The records:
▽
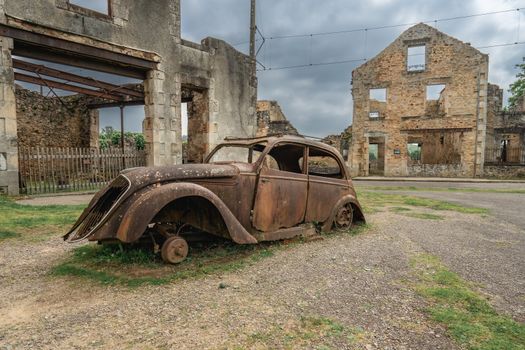 Oradour-sur-Vayres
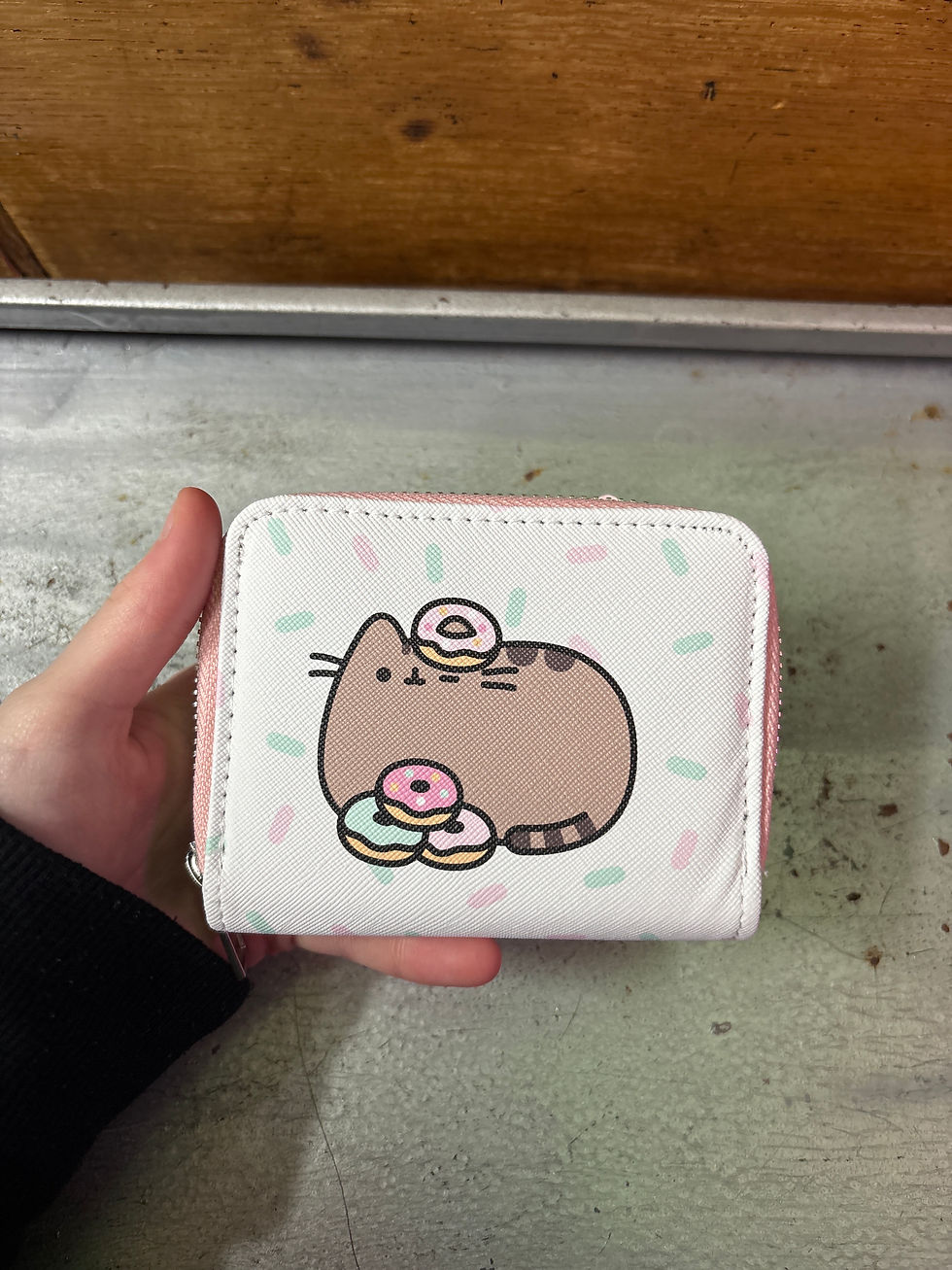 Thumbnail: Pusheen the Cat purse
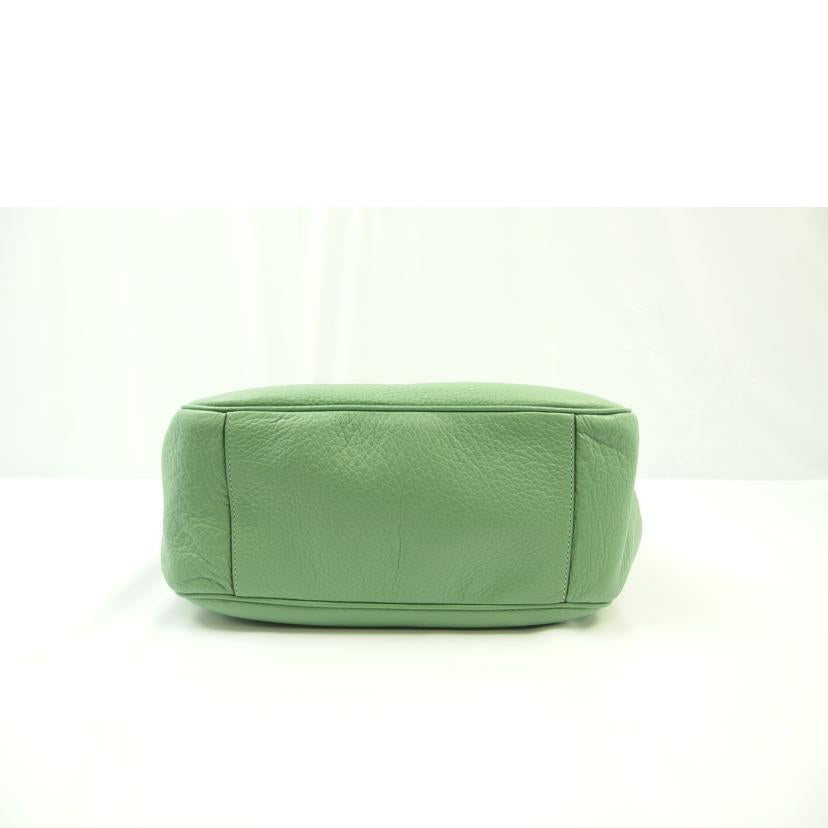 COACH コーチ/ラグジュアリーペブルドレザーローリーショルダー/C2853//A2140/Aランク/83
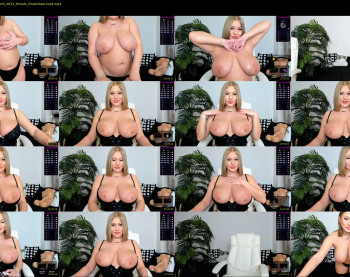 queenevamariaa — 69 minute Chaturbate female cam show recording, 1080p, Jan 21, 2022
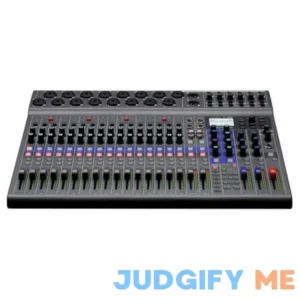 Zoom LiveTrak L-20 Digital Mixer / Recorder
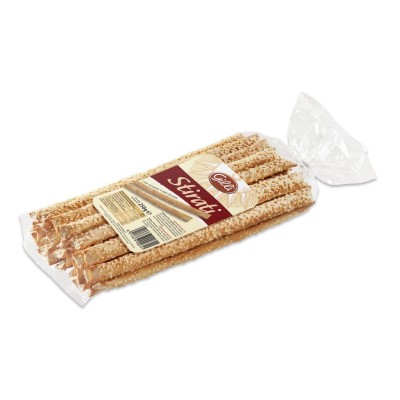 Grissini Stirati con Sesamo Gilli - 250 g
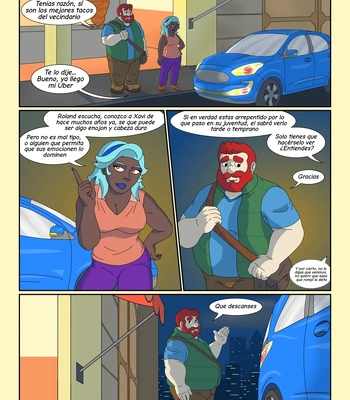[6zagoon] My Ex Bully – Act 3 Confesiones – Parte 1 [Spa] — 012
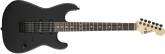 Charvel Guitars - USA Select San Dimas Style 1 HSS HT, Rosewood Fingerboard - Pitch Black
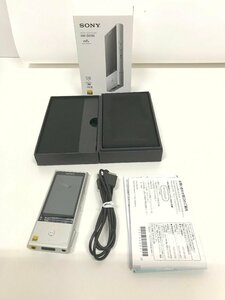 FUZ【中古品】 SONY walkman ウォークマン ZXシリーズ WM-ZX100 〈95-231130-YS-5-FUZ〉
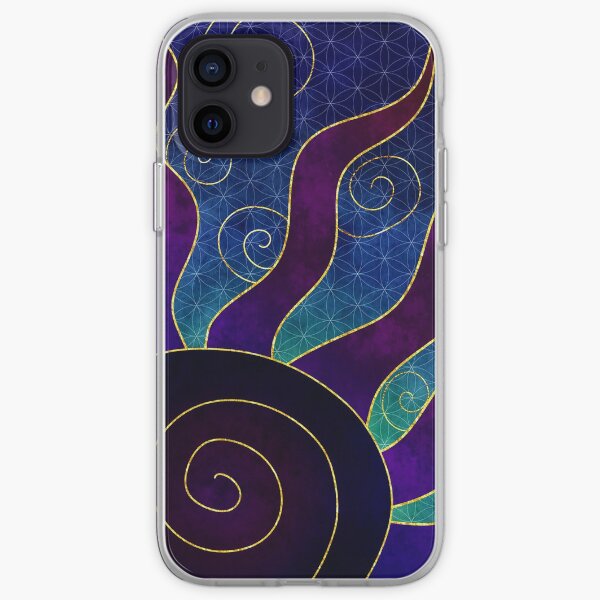 Northern Lights iPhone Soft Case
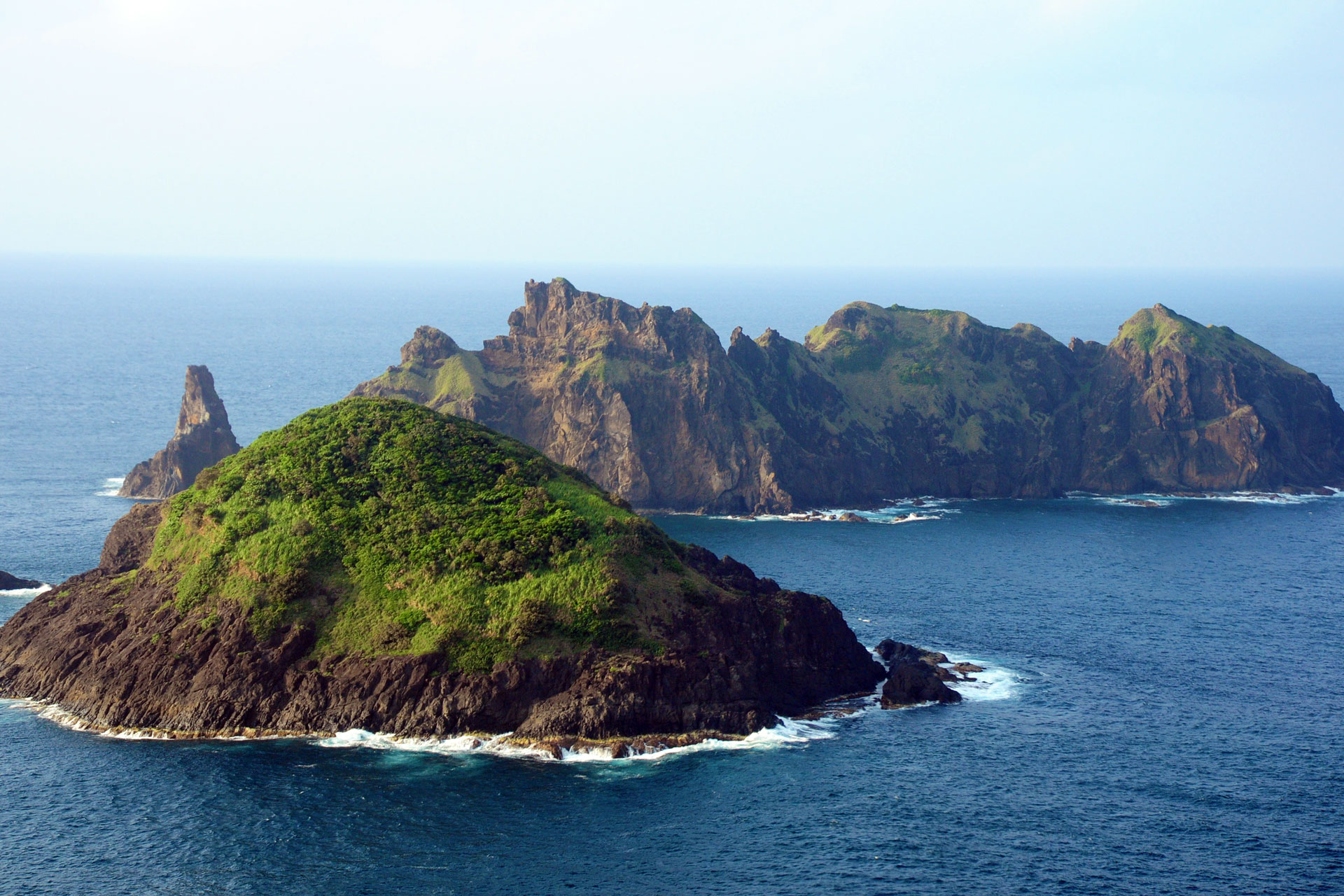 Tour de Nature à l'Île de Palaui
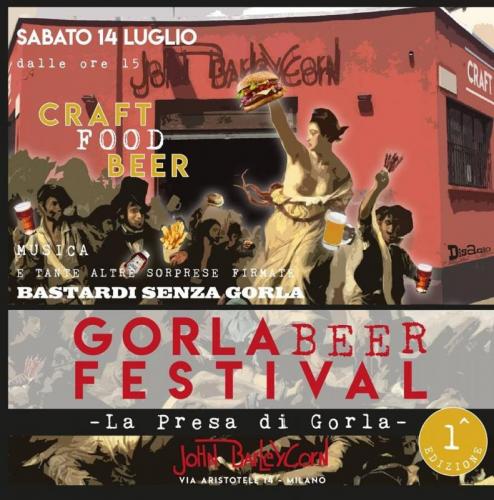 Gorla Beer Festival A Milano - Milano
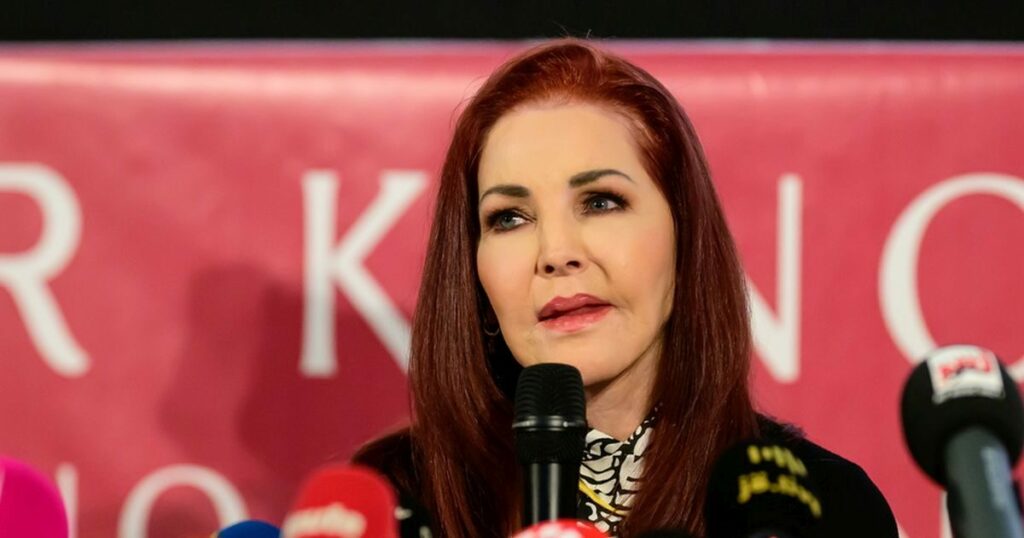 Πρισίλα Πρίσλεϊ: Η απόφαση να αποσυνδέσει την κόρη της Λίζα Μαρί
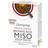 Clearspring Organic Instant Brown Rice Miso Soup Paste 15g 4stk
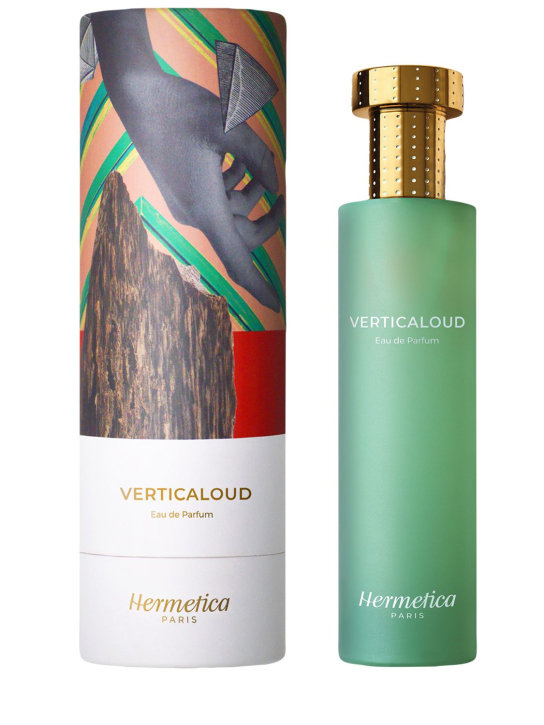 Hermetica: Eau de Parfum Verticaloud V2 100ml - Transparente - beauty-women_1 | Luisa Via Roma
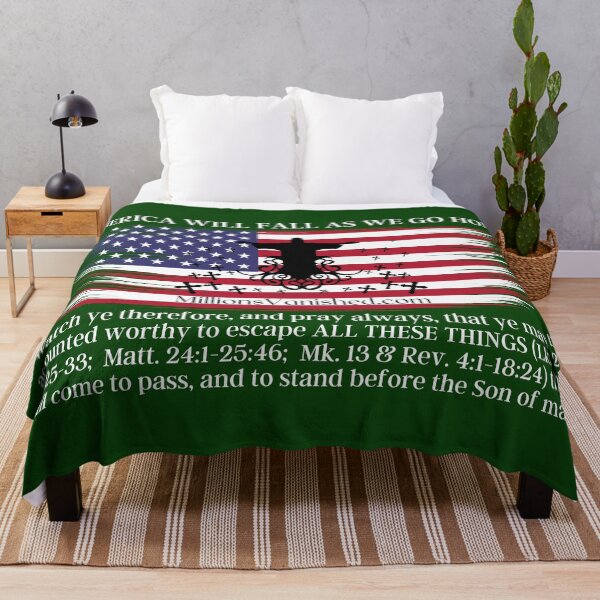 Item preview, America 1 - Christian designed and sold by 1thes416.
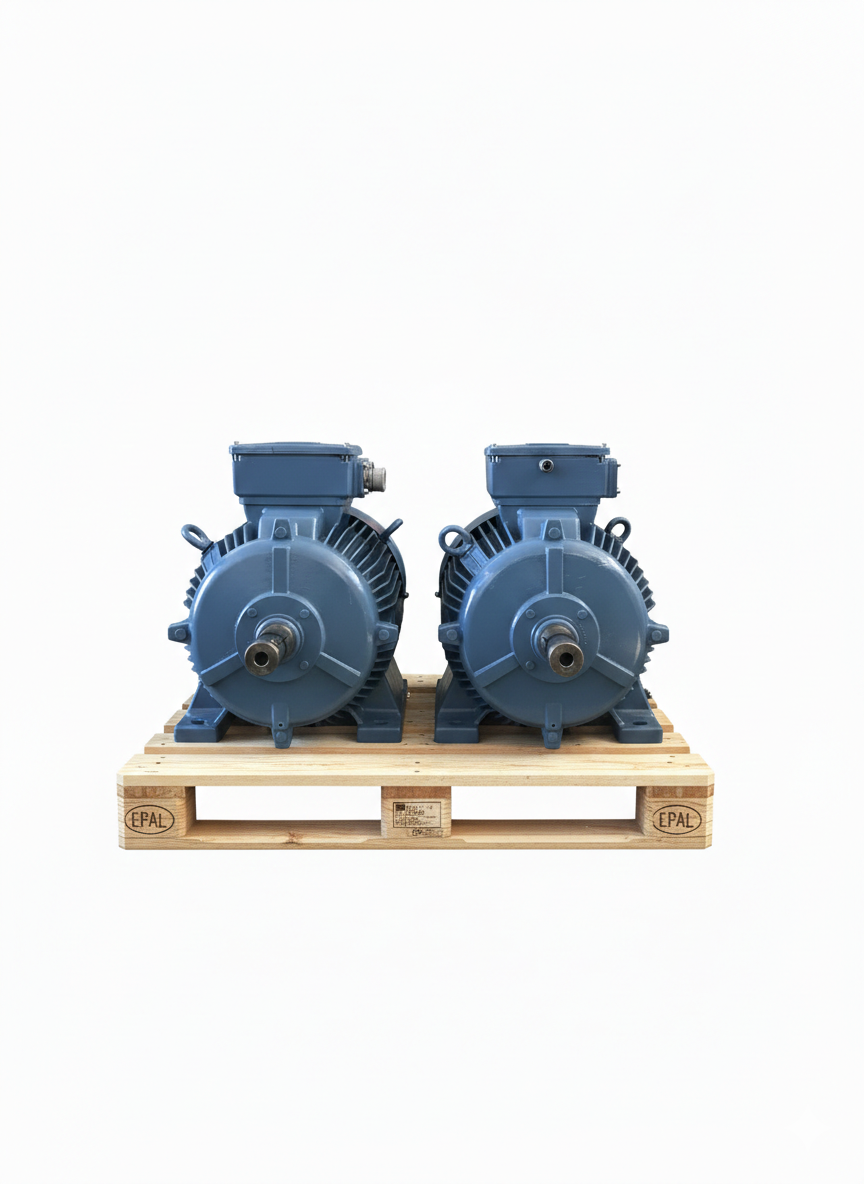 FLENDER 55KW (75HP) 1420RPM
△
What the exercise asks: Please retype every record above exactly, leaving out the pictures.

Output for this task:
 Oradour-sur-Vayres
 Thumbnail: Pusheen the Cat purse
 COACH コーチ/ラグジュアリーペブルドレザーローリーショルダー/C2853//A2140/Aランク/83
 queenevamariaa — 69 minute Chaturbate female cam show recording, 1080p, Jan 21, 2022
 Zoom LiveTrak L-20 Digital Mixer / Recorder
 Grissini Stirati con Sesamo Gilli - 250 g
[6zagoon] My Ex Bully – Act 3 Confesiones – Parte 1 [Spa] — 012
 Charvel Guitars - USA Select San Dimas Style 1 HSS HT, Rosewood Fingerboard - Pitch Black
 FUZ【中古品】 SONY walkman ウォークマン ZXシリーズ WM-ZX100 〈95-231130-YS-5-FUZ〉
 Northern Lights iPhone Soft Case
 Tour de Nature à l'Île de Palaui
 Gorla Beer Festival A Milano - Milano
 Πρισίλα Πρίσλεϊ: Η απόφαση να αποσυνδέσει την κόρη της Λίζα Μαρί
 Clearspring Organic Instant Brown Rice Miso Soup Paste 15g 4stk
 Hermetica: Eau de Parfum Verticaloud V2 100ml - Transparente - beauty-women_1 | Luisa Via Roma
 Item preview, America 1 - Christian designed and sold by 1thes416.
 FLENDER 55KW (75HP) 1420RPM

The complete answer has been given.